When it comes to Star Wars music, just keep your BRAAAMS away from my Brahms and we'll be cool man. o-[][]-o


----------



## Daniel James (Jan 25, 2013)

choc0thrax @ Fri Jan 25 said:


> Daniel James @ Fri Jan 25 said:
> 
> 
> > Personally speaking, I never cared at all for Star Wars. I didn't see it when I was young and when I eventually got round to seeing it, it didn't capture my attention...The music was technically great but on a personal level didn't emotionally connect with me the way I can tell it did with many of you.
> ...



Films I seem to enjoy the most are either big 'epics' like Gladiator, The Last Samurai, Braveheart etc and gritty thrillers like Man On Fire (Actually pretty much any Tony Scott film) 

-DJ


----------



## Stiltzkin (Jan 25, 2013)

Daniel James @ Sat Jan 26 said:


> Films I seem to enjoy the most are either big 'epics' like Gladiator, The Last Samurai, Braveheart etc and gritty thrillers like Man On Fire (Actually pretty much any Tony Scott film)
> 
> -DJ



Man of Fire was an incredible film, really enjoyed it - and a top notch score by H.G.W


----------



## Guy Rowland (Jan 26, 2013)

I think we have a pretty good idea of what we're gonna get from Star Wars VII - what we got in Star Trek, which of course is why Abrams has the gig. Not a total re-invention, not a re-creation either. And I think that's spot on.

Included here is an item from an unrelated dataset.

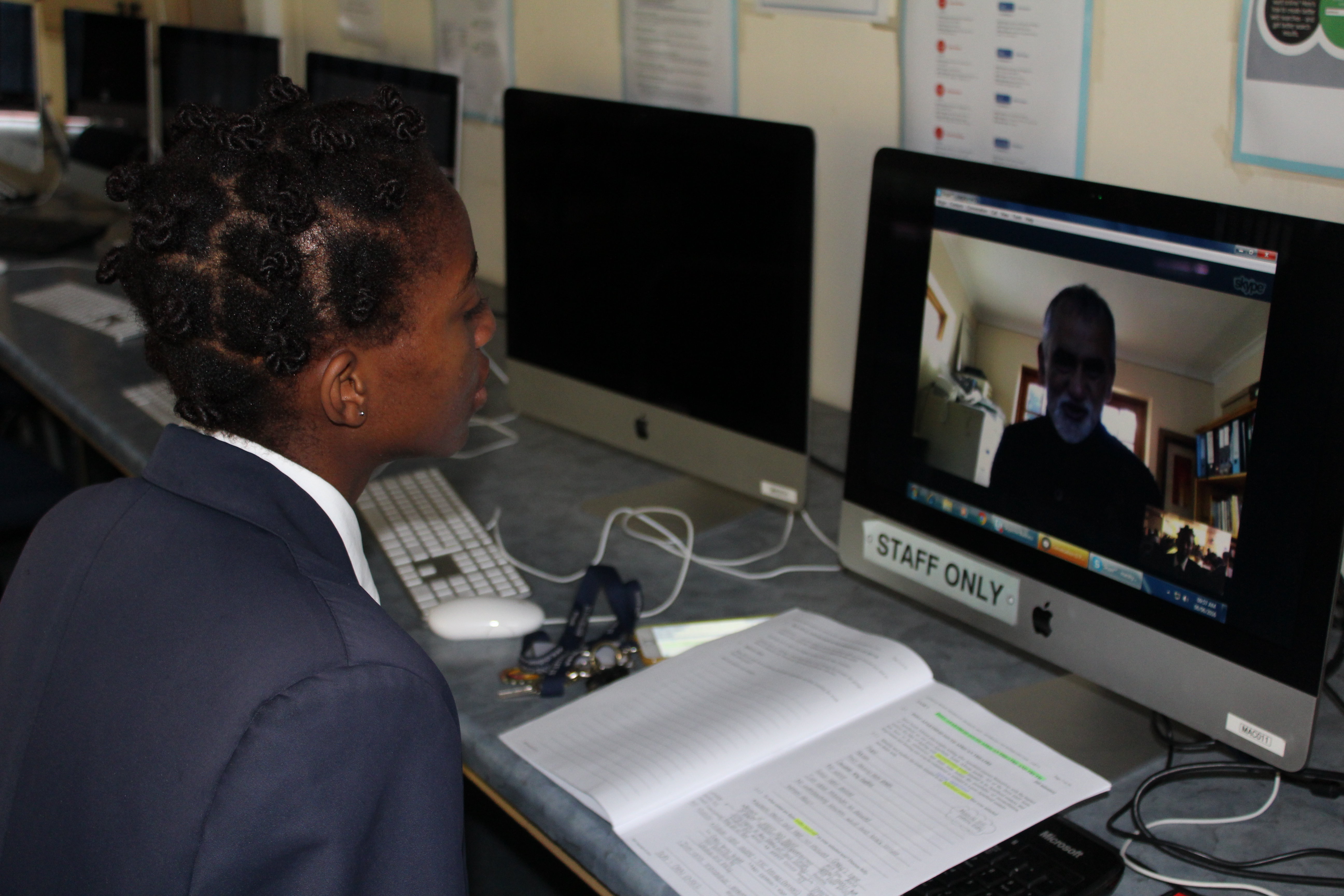 Arite_skyping_with_MvG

Mike, you mention Abrams' Star Trek film like it was some kind of disaster. I'm a Giacchino fan and I think Star Trek was one of his weakest scores, but I still view the film as a whole as a terrific success. Indeed, it's probably the best Trek movie (nb - NOT the best score, but that to me is massively of secondary importance). If you disagree that the film itself broadly worked, you are in a minority - a 95% Rotten Tomatoes critics rating, 91% user rating = a successful movie.

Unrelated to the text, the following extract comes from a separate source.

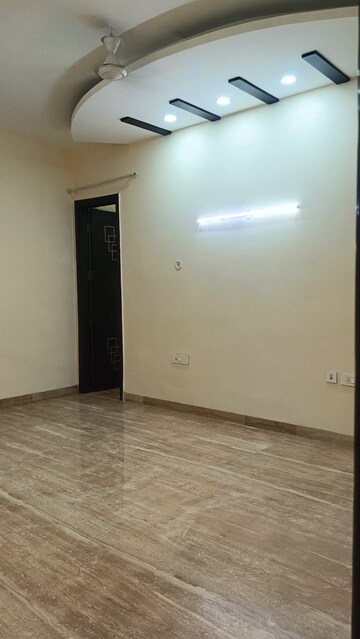 Room in 3 BHK Builder Floor at RWA Apartments Sector 51, Sector 51 – for Rent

In Star Trek: The Motion Picture, there is a celebrated sequence where we see the Enterprise for the first time. I've read reports of folks reaction to this tour de force by Goldsmith as a high water mark in scoring. I clearly remember seeing this scene when I was 14 at the cinema, and to me it was horrifically overwrought, pretentious and - above all - BORING. And not a crotchet of criticism is intended towards the legendary Goldsmith from a minnow such as I, it's all aimed at Robert Wise (and possibly the writers). As filmmaking, it was horribly bloated and full of itself, part of a film that couldn't handle the weight on its own shoulders.

Fans cite Star Trek II as a series highlight. I agree it was MUCH better. Significantly, they shot it with a TV crew for a fraction of the budget of I and got in a new director and writers. They went right back to basics, found a decent story to tell, and brought out the characters of the characters. I'm not a Trekkie, I can't tell you Horner's score was like, but I see far fewer people referring to it than Goldsmith's.

There's a simple moral here. A film can be great with an OK score, while a great score cannot save a poor film.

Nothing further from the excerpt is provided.